Dashlane has the broader ecosystem — more native integrations, a larger community, and more templates, guides, and people who already know it. Keeper connects to the common tools but leans on a smaller marketplace for anything niche. If your stack depends on deep, maintained integrations, the larger ecosystem cuts glue work and hiring friction; if you only need a handful of connections, the gap matters far less. Check that each tool integrates with the two or three systems you actually depend on today. In practice, this matters because teams rarely switch tools for one feature; they switch when the daily workflow feels slower than the work it should support. Test one real use case in each before committing.

Pricing deep-dive

Dashlane

  • Free plan: $0 — covers core password manager use with limits on seats, usage, or history.
  • Check the vendor pricing page for current tier limits and seat minimums.

Keeper

  • Paid plans start around $3/month (billed annually); higher tiers add automation, admin controls, and scale.
  • Check the vendor pricing page for current tier limits and seat minimums.

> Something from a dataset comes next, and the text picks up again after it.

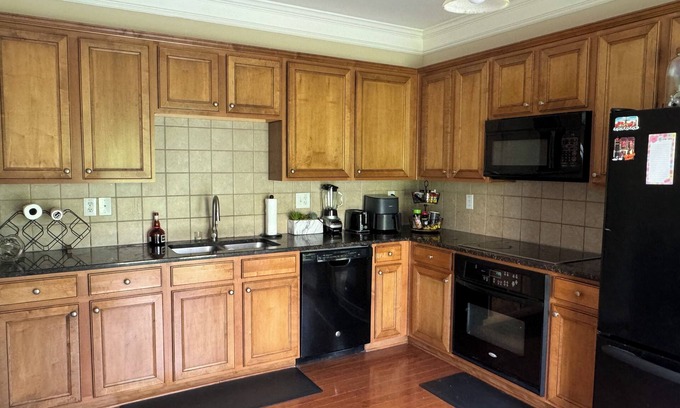 Atlanta House | Luxury Pink Cascades Oasis - Gated Community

Pricing verdict: Dashlane offers a free plan; Keeper starts around $3/month. Dashlane has a free plan and Keeper has no free plan. For most teams Dashlane is the lower-cost choice on the entry tiers. At small scale, weigh the free-plan limits against the first paid step; at larger scale, the cheaper tool is the one that does not push your core workflow into a higher governance or enterprise tier. Always confirm current pricing on each vendor's page before you commit.

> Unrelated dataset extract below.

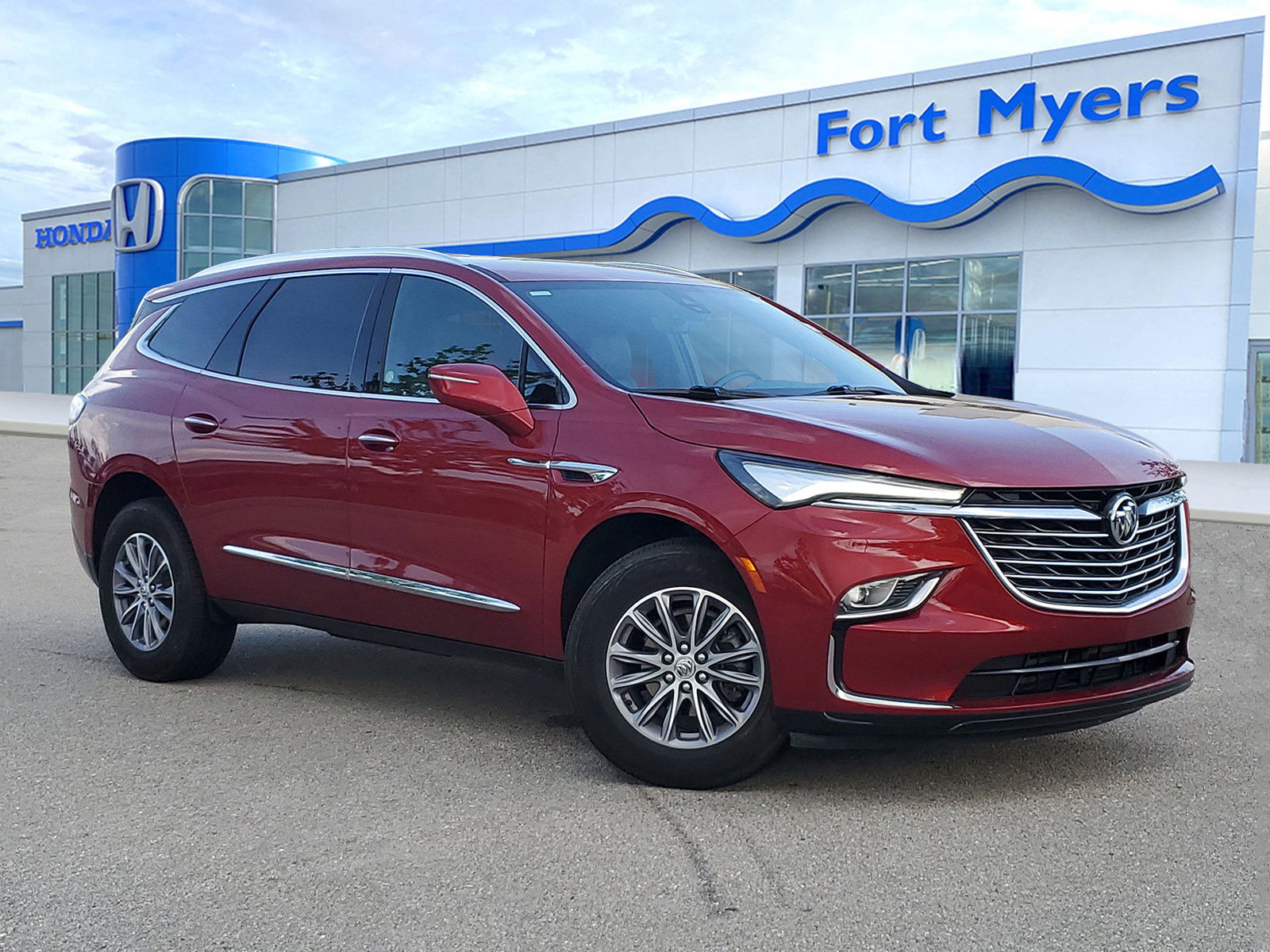 Used 2024 Buick Enclave Premium image 1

How to migrate from Dashlane to Keeper

Data export
Export your core records, files, users, and history from Dashlane using its CSV, JSON, API, or workspace export options before you start.
Import support
Use Keeper's native importer where available, then test one real workflow end to end before inviting the whole team.
Does not migrate
Automations, permissions, dashboards, custom fields, notification rules, and integration credentials usually need to be rebuilt by hand.
Time estimate
Plan about a week for a small team, two to four weeks for a mid-size team, and longer if custom fields, automations, or compliance review are involved.

What real users say

Dashlane: Dashlane users praise its fit for individuals and teams wanting a mature, full-featured password manager, and most complaints center on price at scale or features they do not need.

Keeper: Keeper users praise its fit for individuals and teams wanting a focused, simpler password manager, and most complaints center on gaps in depth, integrations, or polish versus the larger incumbent.

Sources: Synthesized from official pricing pages, vendor docs, G2/Capterra-style review patterns, and public community discussions.

Final verdict

Choose Dashlane if...

  • Choose Dashlane if you want the broader, more capable option and the team will use it as the primary password manager.
  • Choose Dashlane if mature integrations, community, and available expertise matter more than squeezing the lowest price.
  • Choose Dashlane if its workflow already resembles how your team works, keeping switching and training costs low.

Choose Keeper if...

  • Choose Keeper if you want a leaner, more focused tool rather than bending Dashlane to fit.
  • Choose Keeper if a leaner, more focused tool would see better day-to-day adoption than a broader platform.
  • Choose Keeper if its strengths line up with your top password manager workflow instead of forcing the team into the wrong defaults.

Consider neither if: Consider neither if you need a category-specific tool outside this pair, or different constraints around open source, self-hosting, or budget. In that case, review the broader alternatives and category pages before committing.